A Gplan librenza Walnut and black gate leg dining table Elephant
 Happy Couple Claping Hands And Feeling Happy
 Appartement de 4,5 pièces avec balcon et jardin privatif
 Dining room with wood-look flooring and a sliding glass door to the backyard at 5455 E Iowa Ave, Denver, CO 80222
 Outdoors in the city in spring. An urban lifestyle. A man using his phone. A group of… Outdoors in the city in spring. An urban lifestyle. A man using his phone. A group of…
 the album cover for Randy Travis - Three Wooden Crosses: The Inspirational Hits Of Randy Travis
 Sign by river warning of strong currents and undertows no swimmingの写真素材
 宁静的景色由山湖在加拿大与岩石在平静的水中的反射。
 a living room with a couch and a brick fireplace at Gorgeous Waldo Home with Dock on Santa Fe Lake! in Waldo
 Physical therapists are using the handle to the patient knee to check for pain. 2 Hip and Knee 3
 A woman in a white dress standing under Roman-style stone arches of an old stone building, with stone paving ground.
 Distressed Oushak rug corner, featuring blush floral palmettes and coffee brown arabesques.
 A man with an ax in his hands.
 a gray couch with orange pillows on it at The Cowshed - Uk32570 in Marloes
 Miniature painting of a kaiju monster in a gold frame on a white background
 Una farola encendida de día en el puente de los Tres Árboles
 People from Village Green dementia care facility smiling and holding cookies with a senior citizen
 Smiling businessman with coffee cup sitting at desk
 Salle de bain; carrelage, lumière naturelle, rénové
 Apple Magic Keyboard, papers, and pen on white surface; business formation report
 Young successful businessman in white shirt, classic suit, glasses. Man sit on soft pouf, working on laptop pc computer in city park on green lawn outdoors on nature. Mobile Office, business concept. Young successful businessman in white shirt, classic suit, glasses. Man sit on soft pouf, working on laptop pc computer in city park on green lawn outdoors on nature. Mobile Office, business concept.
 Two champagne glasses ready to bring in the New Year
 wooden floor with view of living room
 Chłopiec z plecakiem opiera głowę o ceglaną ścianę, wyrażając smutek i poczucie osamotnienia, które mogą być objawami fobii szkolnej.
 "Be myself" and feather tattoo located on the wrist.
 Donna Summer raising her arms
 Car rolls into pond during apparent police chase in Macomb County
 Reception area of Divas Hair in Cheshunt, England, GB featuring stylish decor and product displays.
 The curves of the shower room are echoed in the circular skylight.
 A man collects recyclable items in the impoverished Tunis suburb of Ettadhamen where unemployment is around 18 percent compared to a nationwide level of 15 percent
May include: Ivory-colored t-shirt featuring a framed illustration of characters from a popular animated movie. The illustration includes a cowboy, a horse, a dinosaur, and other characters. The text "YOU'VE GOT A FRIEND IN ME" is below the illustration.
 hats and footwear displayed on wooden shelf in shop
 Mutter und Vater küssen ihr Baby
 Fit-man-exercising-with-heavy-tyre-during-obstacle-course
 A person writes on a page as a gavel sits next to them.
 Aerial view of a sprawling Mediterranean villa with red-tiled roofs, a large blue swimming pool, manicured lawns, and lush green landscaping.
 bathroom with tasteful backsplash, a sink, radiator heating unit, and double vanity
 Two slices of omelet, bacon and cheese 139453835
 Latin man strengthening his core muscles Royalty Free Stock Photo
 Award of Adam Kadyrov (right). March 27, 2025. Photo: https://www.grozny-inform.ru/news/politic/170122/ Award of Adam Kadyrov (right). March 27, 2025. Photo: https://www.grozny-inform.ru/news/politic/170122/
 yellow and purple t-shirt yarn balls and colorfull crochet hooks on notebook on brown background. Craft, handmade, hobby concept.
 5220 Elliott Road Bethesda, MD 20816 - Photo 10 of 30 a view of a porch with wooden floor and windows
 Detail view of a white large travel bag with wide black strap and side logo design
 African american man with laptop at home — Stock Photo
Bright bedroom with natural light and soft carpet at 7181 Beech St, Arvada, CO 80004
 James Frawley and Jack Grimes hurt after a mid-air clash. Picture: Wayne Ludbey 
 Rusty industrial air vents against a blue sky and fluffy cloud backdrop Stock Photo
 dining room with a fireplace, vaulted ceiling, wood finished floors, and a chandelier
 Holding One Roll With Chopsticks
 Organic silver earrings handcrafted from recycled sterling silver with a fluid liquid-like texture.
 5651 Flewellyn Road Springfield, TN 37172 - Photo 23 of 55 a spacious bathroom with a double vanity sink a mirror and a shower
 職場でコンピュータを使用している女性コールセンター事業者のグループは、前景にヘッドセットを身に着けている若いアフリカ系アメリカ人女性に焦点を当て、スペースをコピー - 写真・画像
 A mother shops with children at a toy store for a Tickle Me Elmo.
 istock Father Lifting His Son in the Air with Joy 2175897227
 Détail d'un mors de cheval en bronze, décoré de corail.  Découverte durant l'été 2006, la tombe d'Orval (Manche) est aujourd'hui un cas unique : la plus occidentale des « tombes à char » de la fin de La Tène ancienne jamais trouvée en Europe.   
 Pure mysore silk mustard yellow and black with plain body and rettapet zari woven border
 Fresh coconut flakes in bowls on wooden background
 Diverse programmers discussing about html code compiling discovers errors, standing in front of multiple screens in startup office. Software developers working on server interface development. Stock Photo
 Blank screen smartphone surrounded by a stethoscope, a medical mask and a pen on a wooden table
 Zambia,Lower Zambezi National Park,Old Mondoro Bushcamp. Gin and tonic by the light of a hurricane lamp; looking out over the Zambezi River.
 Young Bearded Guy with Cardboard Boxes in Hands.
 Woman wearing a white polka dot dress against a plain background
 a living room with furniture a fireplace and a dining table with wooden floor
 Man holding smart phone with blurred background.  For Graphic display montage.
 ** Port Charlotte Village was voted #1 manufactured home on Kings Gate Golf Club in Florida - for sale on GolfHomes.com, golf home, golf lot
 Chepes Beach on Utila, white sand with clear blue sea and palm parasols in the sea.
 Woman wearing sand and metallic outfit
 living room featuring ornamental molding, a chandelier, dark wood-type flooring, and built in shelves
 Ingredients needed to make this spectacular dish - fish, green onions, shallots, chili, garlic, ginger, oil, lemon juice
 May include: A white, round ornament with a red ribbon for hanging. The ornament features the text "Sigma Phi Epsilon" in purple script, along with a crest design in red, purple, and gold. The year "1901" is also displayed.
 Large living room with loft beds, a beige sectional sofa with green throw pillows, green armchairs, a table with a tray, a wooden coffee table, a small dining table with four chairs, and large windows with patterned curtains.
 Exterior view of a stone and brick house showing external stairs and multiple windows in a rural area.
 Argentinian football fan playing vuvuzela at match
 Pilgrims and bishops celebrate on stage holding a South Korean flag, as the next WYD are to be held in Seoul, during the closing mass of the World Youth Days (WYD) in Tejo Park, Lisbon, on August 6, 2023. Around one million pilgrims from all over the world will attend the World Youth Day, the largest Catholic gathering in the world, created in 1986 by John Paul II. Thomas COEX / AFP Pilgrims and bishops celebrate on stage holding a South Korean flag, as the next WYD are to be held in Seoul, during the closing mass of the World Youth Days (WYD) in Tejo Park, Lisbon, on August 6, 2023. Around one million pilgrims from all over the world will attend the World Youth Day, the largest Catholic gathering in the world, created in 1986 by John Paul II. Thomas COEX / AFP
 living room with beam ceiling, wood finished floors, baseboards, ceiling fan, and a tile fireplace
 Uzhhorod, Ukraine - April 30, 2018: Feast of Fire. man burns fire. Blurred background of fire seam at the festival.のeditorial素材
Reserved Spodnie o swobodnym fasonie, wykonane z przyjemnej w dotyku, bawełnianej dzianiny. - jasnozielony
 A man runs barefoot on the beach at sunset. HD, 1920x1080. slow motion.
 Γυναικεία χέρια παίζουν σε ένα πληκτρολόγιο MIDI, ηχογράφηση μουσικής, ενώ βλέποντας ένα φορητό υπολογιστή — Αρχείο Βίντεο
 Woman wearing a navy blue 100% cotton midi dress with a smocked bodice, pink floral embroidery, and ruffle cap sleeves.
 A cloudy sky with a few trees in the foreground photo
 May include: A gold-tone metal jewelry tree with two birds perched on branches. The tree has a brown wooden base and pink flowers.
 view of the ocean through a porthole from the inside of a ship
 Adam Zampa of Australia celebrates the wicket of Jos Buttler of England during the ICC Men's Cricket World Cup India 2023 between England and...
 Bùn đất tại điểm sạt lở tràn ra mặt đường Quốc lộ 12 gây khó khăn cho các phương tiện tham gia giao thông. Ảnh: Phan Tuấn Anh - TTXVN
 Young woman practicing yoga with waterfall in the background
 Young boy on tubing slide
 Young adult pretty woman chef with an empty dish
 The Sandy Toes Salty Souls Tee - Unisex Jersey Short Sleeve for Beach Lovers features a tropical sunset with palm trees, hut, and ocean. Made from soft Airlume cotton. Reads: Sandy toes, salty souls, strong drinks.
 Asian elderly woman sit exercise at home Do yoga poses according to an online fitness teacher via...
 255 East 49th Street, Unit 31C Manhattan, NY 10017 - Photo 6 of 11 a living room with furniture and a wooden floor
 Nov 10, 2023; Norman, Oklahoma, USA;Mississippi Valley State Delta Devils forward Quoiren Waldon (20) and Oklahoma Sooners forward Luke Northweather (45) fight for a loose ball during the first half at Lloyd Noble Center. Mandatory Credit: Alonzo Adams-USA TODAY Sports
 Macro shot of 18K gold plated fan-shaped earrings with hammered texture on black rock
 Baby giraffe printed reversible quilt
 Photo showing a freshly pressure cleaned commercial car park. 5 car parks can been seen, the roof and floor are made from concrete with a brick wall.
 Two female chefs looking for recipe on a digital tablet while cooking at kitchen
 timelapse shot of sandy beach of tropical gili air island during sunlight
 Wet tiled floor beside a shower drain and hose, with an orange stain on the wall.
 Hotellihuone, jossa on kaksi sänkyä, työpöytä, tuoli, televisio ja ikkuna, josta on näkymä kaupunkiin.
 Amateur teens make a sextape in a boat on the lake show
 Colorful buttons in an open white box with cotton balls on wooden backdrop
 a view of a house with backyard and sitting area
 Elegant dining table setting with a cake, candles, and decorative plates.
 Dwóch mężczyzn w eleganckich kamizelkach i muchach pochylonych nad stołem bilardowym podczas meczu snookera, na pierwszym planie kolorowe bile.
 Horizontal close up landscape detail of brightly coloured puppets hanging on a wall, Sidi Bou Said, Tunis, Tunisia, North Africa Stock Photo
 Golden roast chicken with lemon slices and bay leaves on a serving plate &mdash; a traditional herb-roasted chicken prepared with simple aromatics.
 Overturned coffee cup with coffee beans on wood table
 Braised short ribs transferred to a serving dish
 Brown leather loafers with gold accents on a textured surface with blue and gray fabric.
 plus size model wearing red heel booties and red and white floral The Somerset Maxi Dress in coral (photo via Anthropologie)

- **Task objective**
All lines above from the one holding "The curves of" to the one holding "Aerial view of", inclusive, are to be copied exactly; no other line is wanted.

- **Solution**
 The curves of the shower room are echoed in the circular skylight.
 A man collects recyclable items in the impoverished Tunis suburb of Ettadhamen where unemployment is around 18 percent compared to a nationwide level of 15 percent
May include: Ivory-colored t-shirt featuring a framed illustration of characters from a popular animated movie. The illustration includes a cowboy, a horse, a dinosaur, and other characters. The text "YOU'VE GOT A FRIEND IN ME" is below the illustration.
 hats and footwear displayed on wooden shelf in shop
 Mutter und Vater küssen ihr Baby
 Fit-man-exercising-with-heavy-tyre-during-obstacle-course
 A person writes on a page as a gavel sits next to them.
 Aerial view of a sprawling Mediterranean villa with red-tiled roofs, a large blue swimming pool, manicured lawns, and lush green landscaping.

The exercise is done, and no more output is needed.